## [TASK STATEMENT]
Only lines that contain the word "Body" belong in the answer; copy them from the records below.

## [DATA FOR THE TASK]

########

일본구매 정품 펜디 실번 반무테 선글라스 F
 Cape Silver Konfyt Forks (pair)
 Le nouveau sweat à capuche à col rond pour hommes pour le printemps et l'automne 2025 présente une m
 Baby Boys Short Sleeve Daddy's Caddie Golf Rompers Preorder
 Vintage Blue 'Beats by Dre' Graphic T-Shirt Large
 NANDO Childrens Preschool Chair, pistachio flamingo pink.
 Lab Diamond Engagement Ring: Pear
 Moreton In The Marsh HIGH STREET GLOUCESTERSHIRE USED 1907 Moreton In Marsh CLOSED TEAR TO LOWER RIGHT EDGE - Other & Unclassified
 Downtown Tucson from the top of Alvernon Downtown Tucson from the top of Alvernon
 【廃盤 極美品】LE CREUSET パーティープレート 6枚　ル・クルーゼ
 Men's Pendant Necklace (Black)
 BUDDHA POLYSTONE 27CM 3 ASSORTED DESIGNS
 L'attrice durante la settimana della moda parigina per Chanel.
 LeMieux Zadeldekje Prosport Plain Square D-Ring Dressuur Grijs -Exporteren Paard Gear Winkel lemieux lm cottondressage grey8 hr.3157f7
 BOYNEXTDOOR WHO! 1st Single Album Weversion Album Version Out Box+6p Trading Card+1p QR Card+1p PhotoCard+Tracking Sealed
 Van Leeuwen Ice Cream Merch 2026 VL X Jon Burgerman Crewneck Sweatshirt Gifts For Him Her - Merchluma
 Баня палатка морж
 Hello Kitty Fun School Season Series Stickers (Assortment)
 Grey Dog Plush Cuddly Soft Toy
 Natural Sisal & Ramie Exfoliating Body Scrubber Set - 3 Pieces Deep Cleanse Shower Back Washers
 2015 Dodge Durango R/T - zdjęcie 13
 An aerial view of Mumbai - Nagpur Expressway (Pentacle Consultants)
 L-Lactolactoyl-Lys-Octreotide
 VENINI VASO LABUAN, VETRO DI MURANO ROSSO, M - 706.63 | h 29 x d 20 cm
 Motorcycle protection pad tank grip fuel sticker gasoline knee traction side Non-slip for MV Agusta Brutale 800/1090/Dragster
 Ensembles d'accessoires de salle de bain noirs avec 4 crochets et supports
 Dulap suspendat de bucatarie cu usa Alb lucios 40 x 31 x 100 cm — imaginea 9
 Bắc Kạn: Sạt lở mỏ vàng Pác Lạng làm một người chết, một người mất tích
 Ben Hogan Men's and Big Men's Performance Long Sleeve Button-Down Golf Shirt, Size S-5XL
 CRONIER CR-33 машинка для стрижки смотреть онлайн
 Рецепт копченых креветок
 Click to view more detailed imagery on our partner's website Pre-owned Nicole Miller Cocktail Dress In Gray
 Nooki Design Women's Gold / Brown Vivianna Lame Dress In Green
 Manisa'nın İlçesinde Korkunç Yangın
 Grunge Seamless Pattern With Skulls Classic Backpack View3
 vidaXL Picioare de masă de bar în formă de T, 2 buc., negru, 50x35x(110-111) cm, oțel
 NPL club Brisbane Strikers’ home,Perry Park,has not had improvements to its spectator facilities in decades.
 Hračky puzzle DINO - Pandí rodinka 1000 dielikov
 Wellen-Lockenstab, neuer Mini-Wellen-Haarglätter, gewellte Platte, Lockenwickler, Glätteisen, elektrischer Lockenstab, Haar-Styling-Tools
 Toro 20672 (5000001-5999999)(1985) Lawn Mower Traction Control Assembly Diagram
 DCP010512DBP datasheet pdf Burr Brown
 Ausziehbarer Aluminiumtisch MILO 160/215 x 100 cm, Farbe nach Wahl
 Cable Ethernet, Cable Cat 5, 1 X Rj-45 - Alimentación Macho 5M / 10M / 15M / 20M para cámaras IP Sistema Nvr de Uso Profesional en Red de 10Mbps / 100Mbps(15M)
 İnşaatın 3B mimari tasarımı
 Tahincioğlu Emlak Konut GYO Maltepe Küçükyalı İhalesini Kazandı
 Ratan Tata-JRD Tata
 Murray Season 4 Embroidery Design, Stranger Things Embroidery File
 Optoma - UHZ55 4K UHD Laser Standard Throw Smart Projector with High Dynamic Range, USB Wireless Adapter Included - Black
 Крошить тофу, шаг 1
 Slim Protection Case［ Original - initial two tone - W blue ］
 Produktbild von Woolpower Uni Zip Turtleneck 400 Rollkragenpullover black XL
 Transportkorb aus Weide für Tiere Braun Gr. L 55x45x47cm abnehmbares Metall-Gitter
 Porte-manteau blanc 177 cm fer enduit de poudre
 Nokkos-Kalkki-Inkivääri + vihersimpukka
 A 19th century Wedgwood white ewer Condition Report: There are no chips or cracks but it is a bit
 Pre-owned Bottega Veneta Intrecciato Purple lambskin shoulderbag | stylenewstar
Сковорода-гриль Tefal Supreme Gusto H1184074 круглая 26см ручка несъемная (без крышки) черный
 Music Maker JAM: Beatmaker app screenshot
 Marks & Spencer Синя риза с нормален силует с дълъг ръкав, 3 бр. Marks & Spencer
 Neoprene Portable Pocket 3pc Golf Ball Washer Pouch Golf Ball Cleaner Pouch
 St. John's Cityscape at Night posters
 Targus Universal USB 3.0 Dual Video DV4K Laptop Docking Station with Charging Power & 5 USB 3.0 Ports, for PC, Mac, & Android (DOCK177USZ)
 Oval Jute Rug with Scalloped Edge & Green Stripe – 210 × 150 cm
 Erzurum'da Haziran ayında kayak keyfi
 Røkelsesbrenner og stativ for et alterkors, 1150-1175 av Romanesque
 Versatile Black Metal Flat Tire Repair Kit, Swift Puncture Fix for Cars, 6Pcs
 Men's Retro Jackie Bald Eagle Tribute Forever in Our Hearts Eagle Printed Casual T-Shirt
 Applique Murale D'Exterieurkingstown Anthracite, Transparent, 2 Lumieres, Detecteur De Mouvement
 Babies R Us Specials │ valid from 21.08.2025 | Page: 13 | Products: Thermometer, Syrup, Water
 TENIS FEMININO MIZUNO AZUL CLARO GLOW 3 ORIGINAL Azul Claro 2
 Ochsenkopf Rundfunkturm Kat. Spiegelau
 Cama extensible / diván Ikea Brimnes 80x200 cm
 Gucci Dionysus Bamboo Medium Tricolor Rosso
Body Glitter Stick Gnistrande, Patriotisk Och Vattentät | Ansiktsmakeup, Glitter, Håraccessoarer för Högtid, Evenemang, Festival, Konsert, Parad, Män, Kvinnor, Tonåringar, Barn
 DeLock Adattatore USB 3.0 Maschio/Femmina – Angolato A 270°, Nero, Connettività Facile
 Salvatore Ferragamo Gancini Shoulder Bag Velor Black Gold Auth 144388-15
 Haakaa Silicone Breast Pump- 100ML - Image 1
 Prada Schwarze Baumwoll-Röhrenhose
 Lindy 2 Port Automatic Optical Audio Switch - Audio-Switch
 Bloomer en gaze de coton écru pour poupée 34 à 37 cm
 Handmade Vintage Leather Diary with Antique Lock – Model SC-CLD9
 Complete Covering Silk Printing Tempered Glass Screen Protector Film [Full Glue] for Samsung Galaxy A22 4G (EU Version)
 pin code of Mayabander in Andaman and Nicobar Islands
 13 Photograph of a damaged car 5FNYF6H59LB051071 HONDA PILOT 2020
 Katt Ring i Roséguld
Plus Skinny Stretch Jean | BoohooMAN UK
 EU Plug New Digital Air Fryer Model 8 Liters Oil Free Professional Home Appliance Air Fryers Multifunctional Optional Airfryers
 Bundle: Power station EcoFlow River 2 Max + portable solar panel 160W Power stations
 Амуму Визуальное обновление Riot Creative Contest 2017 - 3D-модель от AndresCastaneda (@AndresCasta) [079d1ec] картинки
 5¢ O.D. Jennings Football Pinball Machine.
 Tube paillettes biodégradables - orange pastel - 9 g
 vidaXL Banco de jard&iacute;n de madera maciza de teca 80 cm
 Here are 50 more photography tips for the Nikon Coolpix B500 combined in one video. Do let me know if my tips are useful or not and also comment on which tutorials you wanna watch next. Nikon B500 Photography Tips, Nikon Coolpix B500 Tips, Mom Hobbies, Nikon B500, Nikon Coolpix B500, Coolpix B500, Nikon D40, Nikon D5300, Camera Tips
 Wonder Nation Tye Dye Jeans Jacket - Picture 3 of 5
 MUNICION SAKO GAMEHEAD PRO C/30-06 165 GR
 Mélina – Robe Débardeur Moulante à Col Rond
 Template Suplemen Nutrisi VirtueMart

########

## [RESULT OF THE EXERCISE]
 Natural Sisal & Ramie Exfoliating Body Scrubber Set - 3 Pieces Deep Cleanse Shower Back Washers
Body Glitter Stick Gnistrande, Patriotisk Och Vattentät | Ansiktsmakeup, Glitter, Håraccessoarer för Högtid, Evenemang, Festival, Konsert, Parad, Män, Kvinnor, Tonåringar, Barn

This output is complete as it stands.